Short descriptive text snippets
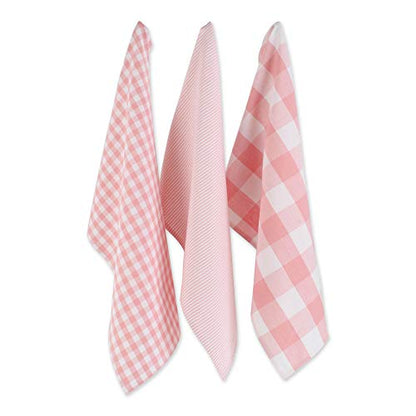 DII Gingham Check Kitchen Collection, Pink, Dishtowel Set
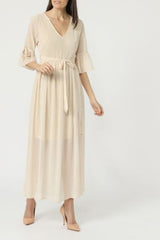 Vestido largo fluido mujer dress escote V lazo cintura manga 3/4 elegante tejido suave versátil outfit talla 36 color beige eventos oficina urbano cómodo disponible en varios colores ✅Entrega 24/48h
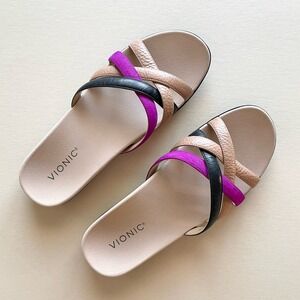 Vionic Dava Genuine Leather Orthotic Slip-On Slide Sandal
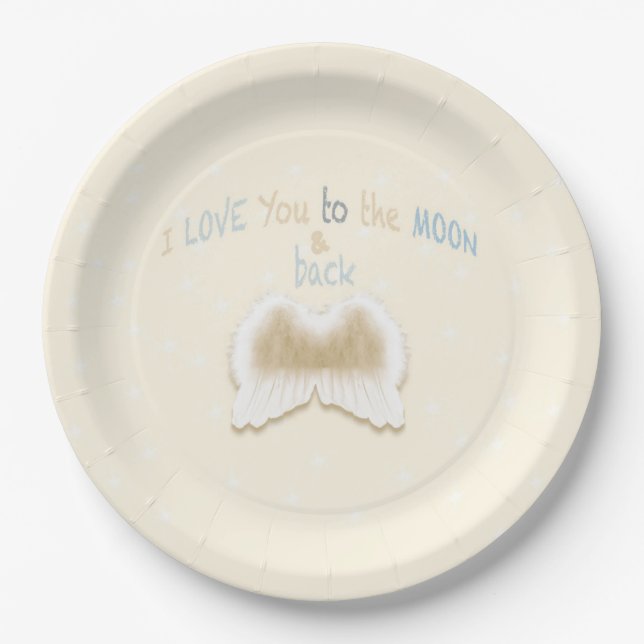 Angel Wings Paper Plates 9" (Front)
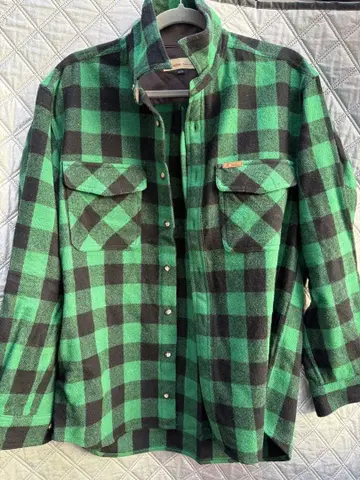 새상품급 foxfire 울 셔츠 그린 체크 M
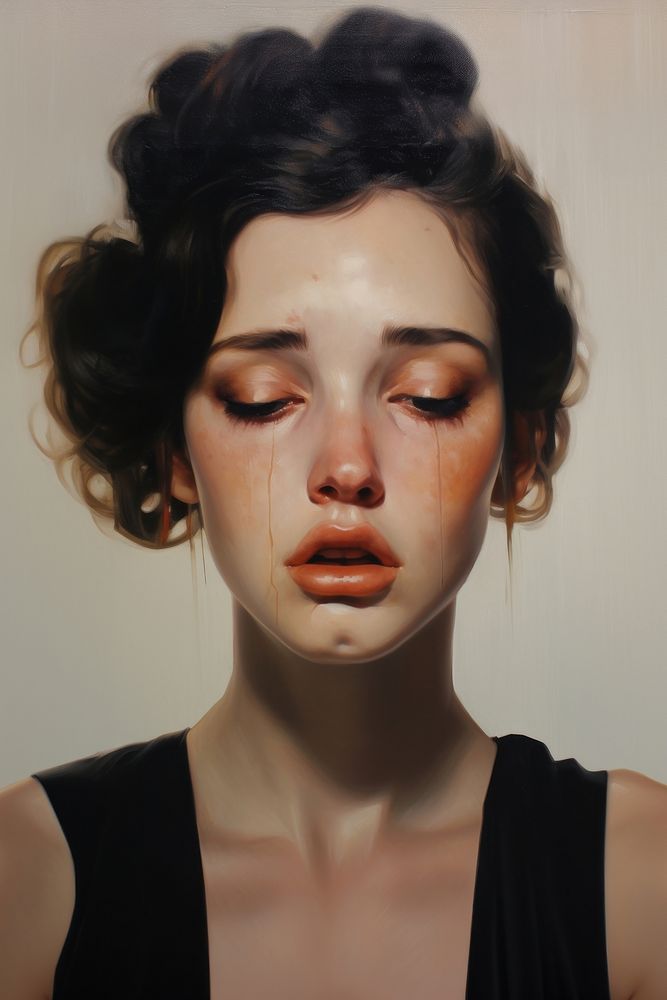 Woman is depicted with black mascara running down her face due to tears portrait adult contemplation.
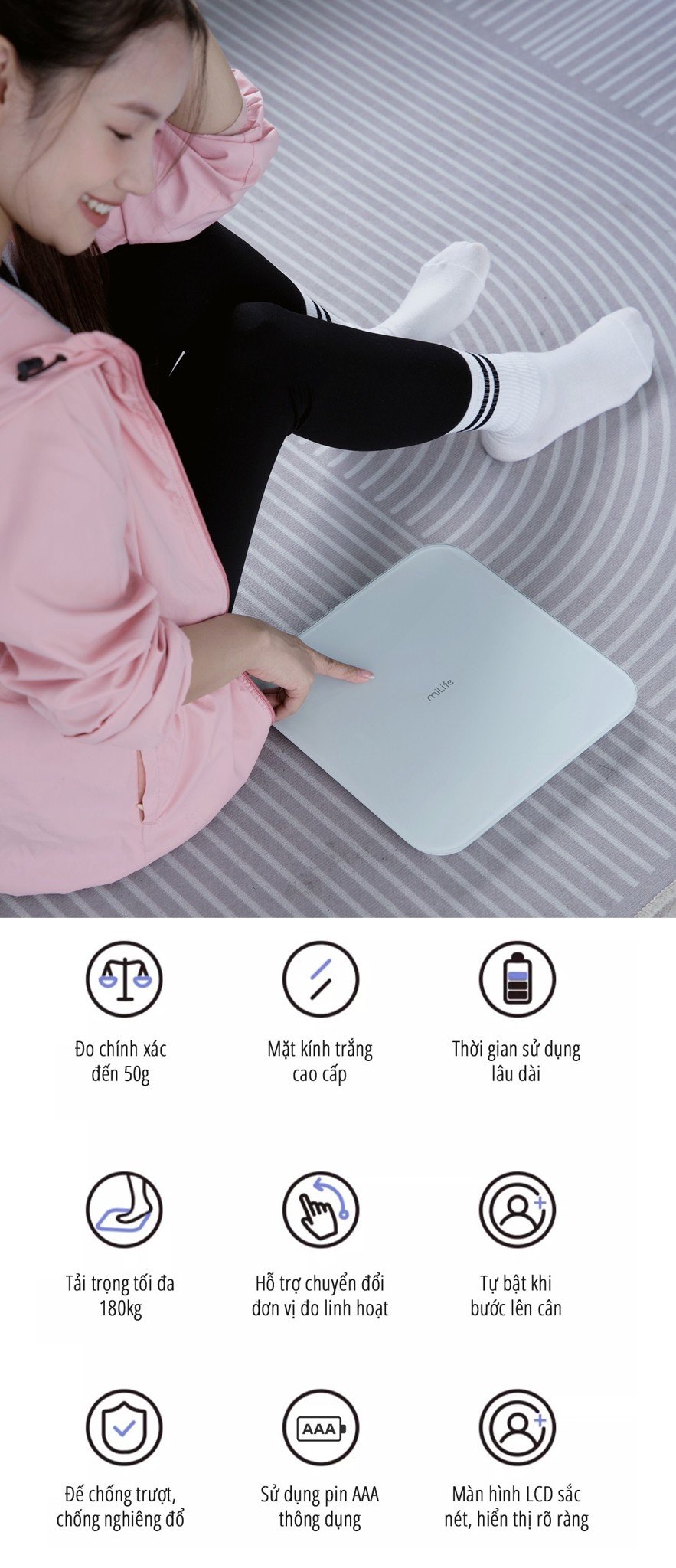 Cân điện tử sức khỏe miLife S20 ưu điểm sản phẩm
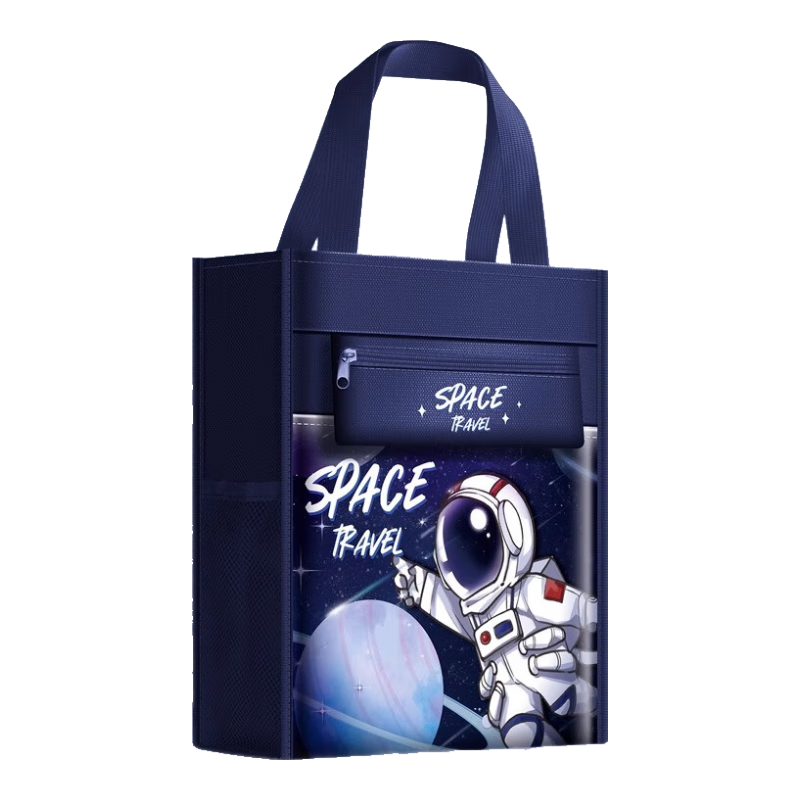Sijinianhua Tutoring Bag, Handbag, Book Bag for Primary School Students, Canvas Art Bag, Storage Bag [Upgraded Version/Five-Layer Extra Large And Thick] Astronaut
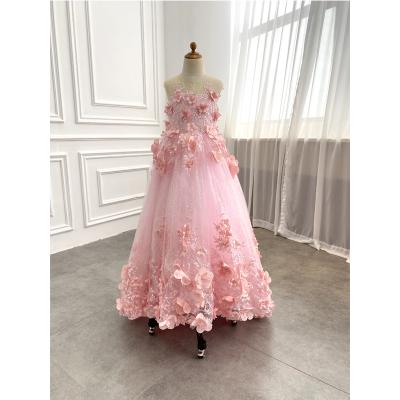 China Short Sleeve A Line Short Sleeve Sparkle Tulle With Pale Pink 3D Flower Beaded Bridesmaid Wedding Dress for sale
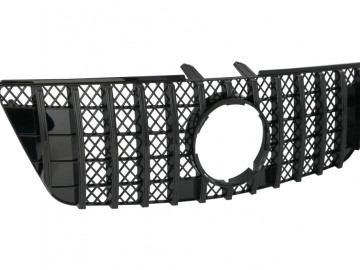 Central Front Grille suitable for Mercedes ML W164 Facelift (07.2008-2011) GT-R Panamericana Design Black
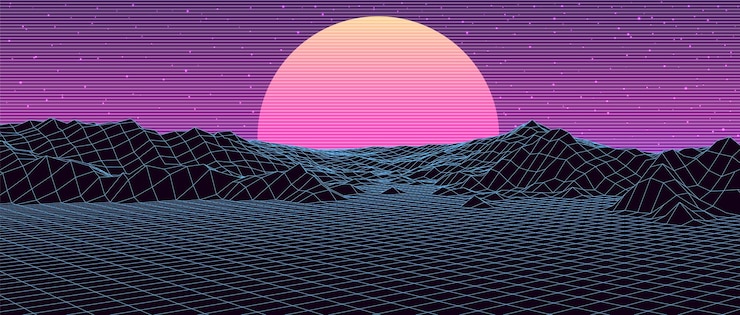 Vector digital retro landscape 1980s style futuristic cyber surface 80s retro
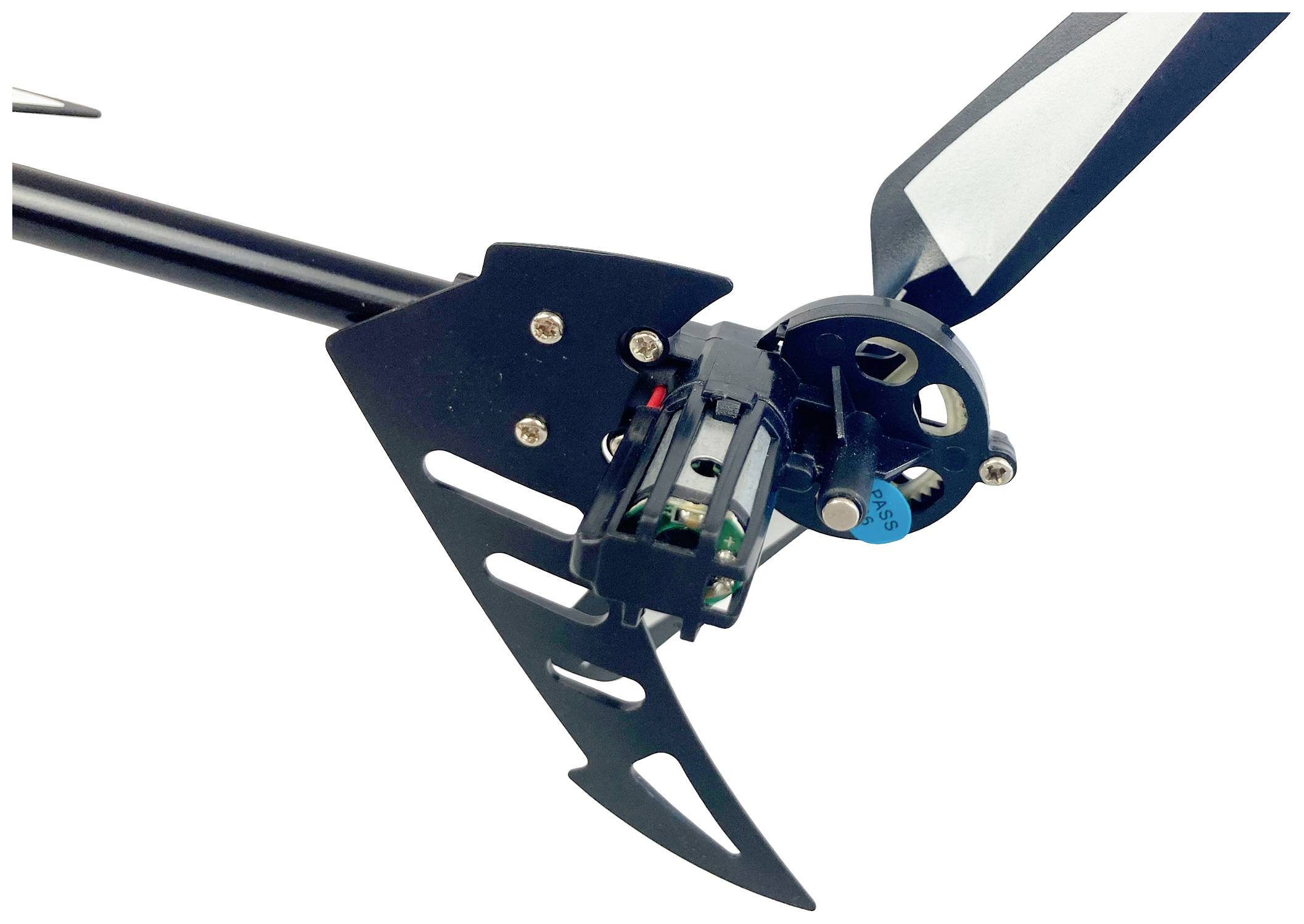 Primo piano di un'elica di drone nero con componenti meccaniche ed elettroniche montate su un supporto.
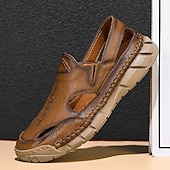voordelige Casual sandalen-Casual loafers voor heren van imitatieleer – ademende instapschoenen voor de zomer met een open design, een lichtgewicht flexibele zool, ideaal voor dagelijks gebruik, reizen en buitenactiviteiten.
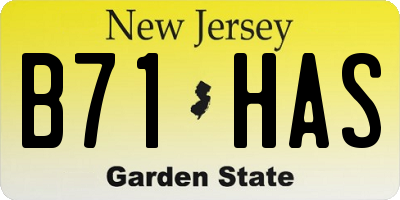 NJ license plate B71HAS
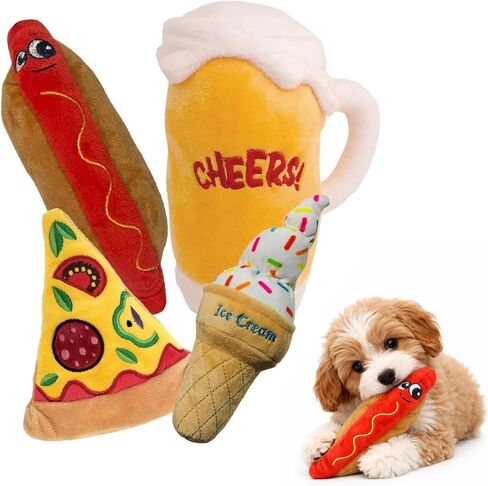 Hydrodogz 4 Pack Squeaky Plush Dog Chew Toy Puppy Meal Deal Hot Dog, Pizza, Beer, Ice Cream, Cute Interactive Crinkle Toy for Aggressive Dogs, for All Breeds and Sizes in Kuwait
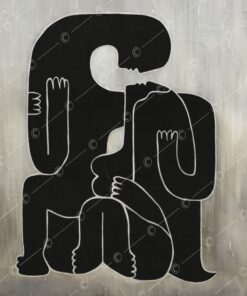 Digital Abstract Painting Digital Download Living Room Wall Decor Modern Black And White Painting Love Couple Romantic Painting Digital File | DIGITAL FILE #23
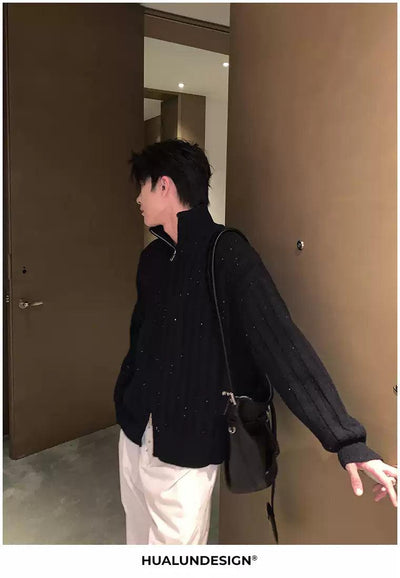 Hua Rib Knit High Neck Zipped Sweater-korean-fashion-Jacket-Hua's Closet-OH Garments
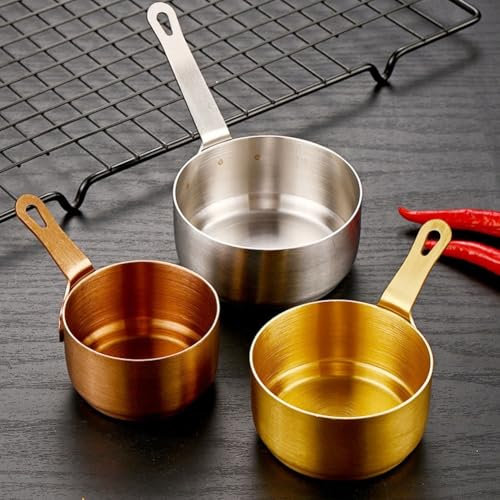 Convenient Mini Saucepan, Small Milk Pan, Stainless Steel Saucepan, with Handle and Hanging Hole, for Stoves Cooker, for Milk and Sauces (Silver M)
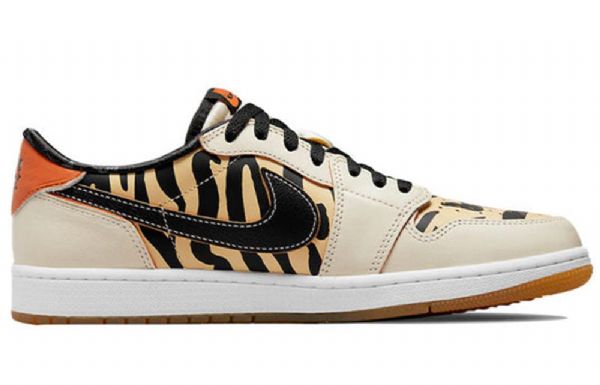 Nike Air Jordan 1 Low Tops Og Retro Basketball Shoes Herre Leopard Beige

** What to do **
Write out all the records again, exactly, minus any pictures.

** Reply to the exercise **
 DII Gingham Check Kitchen Collection, Pink, Dishtowel Set
 Vestido largo fluido mujer dress escote V lazo cintura manga 3/4 elegante tejido suave versátil outfit talla 36 color beige eventos oficina urbano cómodo disponible en varios colores ✅Entrega 24/48h
 Vionic Dava Genuine Leather Orthotic Slip-On Slide Sandal
 Angel Wings Paper Plates 9" (Front)
 새상품급 foxfire 울 셔츠 그린 체크 M
 Woman is depicted with black mascara running down her face due to tears portrait adult contemplation.
 Cân điện tử sức khỏe miLife S20 ưu điểm sản phẩm
Sijinianhua Tutoring Bag, Handbag, Book Bag for Primary School Students, Canvas Art Bag, Storage Bag [Upgraded Version/Five-Layer Extra Large And Thick] Astronaut
 China Short Sleeve A Line Short Sleeve Sparkle Tulle With Pale Pink 3D Flower Beaded Bridesmaid Wedding Dress for sale
 Central Front Grille suitable for Mercedes ML W164 Facelift (07.2008-2011) GT-R Panamericana Design Black
 Vector digital retro landscape 1980s style futuristic cyber surface 80s retro
 Primo piano di un'elica di drone nero con componenti meccaniche ed elettroniche montate su un supporto.
voordelige Casual sandalen-Casual loafers voor heren van imitatieleer – ademende instapschoenen voor de zomer met een open design, een lichtgewicht flexibele zool, ideaal voor dagelijks gebruik, reizen en buitenactiviteiten.
 NJ license plate B71HAS
 Hydrodogz 4 Pack Squeaky Plush Dog Chew Toy Puppy Meal Deal Hot Dog, Pizza, Beer, Ice Cream, Cute Interactive Crinkle Toy for Aggressive Dogs, for All Breeds and Sizes in Kuwait
 Digital Abstract Painting Digital Download Living Room Wall Decor Modern Black And White Painting Love Couple Romantic Painting Digital File | DIGITAL FILE #23
 Hua Rib Knit High Neck Zipped Sweater-korean-fashion-Jacket-Hua's Closet-OH Garments
 Convenient Mini Saucepan, Small Milk Pan, Stainless Steel Saucepan, with Handle and Hanging Hole, for Stoves Cooker, for Milk and Sauces (Silver M)
 Nike Air Jordan 1 Low Tops Og Retro Basketball Shoes Herre Leopard Beige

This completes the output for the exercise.